The current information, however, does not explain how different learners perceive or appreciate such competencies. Many learners have been observed to appreciate the concept of cultural competence after completing their baccalaureate programs. This gap explains why nursing schools should implement powerful frameworks to support the needs of their learners (Loftin et al., 2013). By so doing, the students will acquire superior competencies and eventually offer adequate care to patients from diverse backgrounds.
Implications for Nursing Practice
The selected cultural group for this exercise is the African American community. Members of this community are associated with a wide range of health challenges. Statistics have proved that “African Americans are prone to diseases such as cancer, obesity, and tuberculosis” (Geyen, 2012, p. 6).

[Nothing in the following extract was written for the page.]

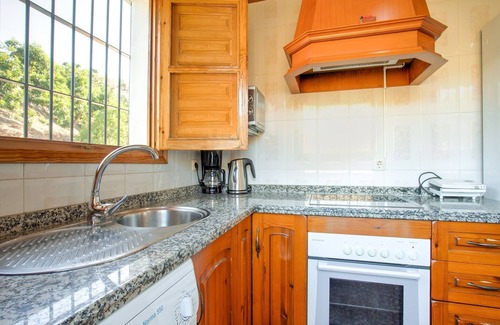 Canillas de Aceituno House | Holiday Home in Malaga with Pool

The social and economic attributes of these people make it impossible for them to receive adequate health care. This situation explains why there is a huge disparity in the United States’ healthcare sector.

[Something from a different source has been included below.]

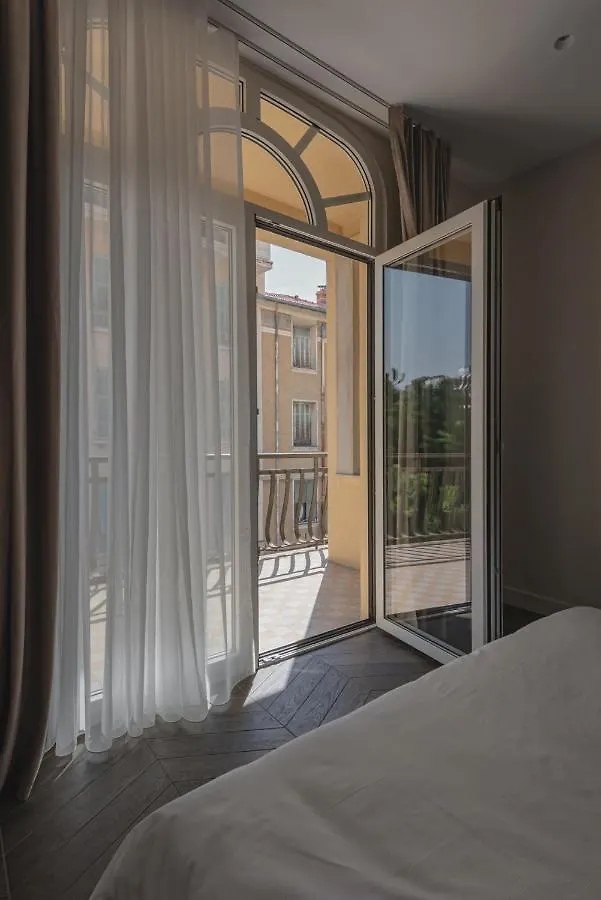 2 Bedroom Apartment Next To Monaco Beausoleil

The issue of cultural competence is critical in the field of nursing. The information obtained from the above article can guide learning institutions in equipping their nursing students with the best cultural competence skills (Reyes et al., 2013, p. 4). The students should be aware of the concept of diversity. They should embrace the best attitudes to address the differences affecting their patients. Knowledge can make it easier for nurses to design multidisciplinary teams. These groups will ensure every targeted patient receives culturally competent care (Loftin et al., 2013). Members of the African American community will also benefit from this new practice.

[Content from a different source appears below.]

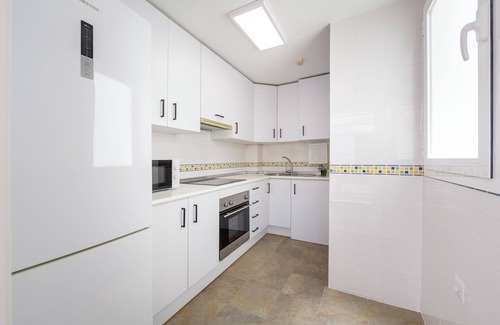 Retamar Apartamento | Apartamento 'Ático Nuevo Con Piscina' con vistas al mar, piscina compartida y aire acondicionado.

Cultural competence will make it easier for nurses to understand and address the unique health challenges affecting members of the African American community. The healthcare providers will interact with patients from different cultural groups (Geyen, 2012). That being the case, nursing education schools should implement a powerful curriculum that supports the cultural competence concept. Every core nursing courses included in the program should equip the students with appropriate cultural competence skills. Nursing students who acquire these skills will work hard to deliver culturally competent care to their patients.
A new teaching model focusing on the concept of cultural diversity can equip nursing students with the best skills. The acquired skills will support the students and eventually become competent providers of evidence-based nursing care. Many cultural groups, such as African Americans, encounter numerous whenever trying to get quality nursing care (Geyen, 2012). The acquisition of adequate cultural competencies will make it easier for nurses to provide quality care to their patients. A transformation in the nursing process should, therefore, begin with the inclusion of cultural competence concepts in the curriculum.
Douglas, M., Rosenkoetter, M., Pacquiao, D., Callister, L., Hattar-Pollara, M., Lauderdale, J.,…Purnell, L. (2014). Guidelines for implementing culturally competent nursing care. Journal of Transcultural Nursing, 1(1), 1-13.
Geyen, D. (2012). Behavioral changes for African Americans to improve health, embrace culture, and minimize disparities. ECI Interdisciplinary Journal for Legal and Social Policy, 1(1), 1-15.
Loftin, C., Hartin, V., Branson, M., & Reyes, H. (2013). Measures of cultural competencies in nurses: An integrative review. The Scientific World Journal, 1(2), 1-12.
Reyes, H., Hadley, L., & Davenport, D. (2013). A comparative analysis of cultural competence in beginning and graduating nursing students. ISRN Nursing, 1(1), 1-14.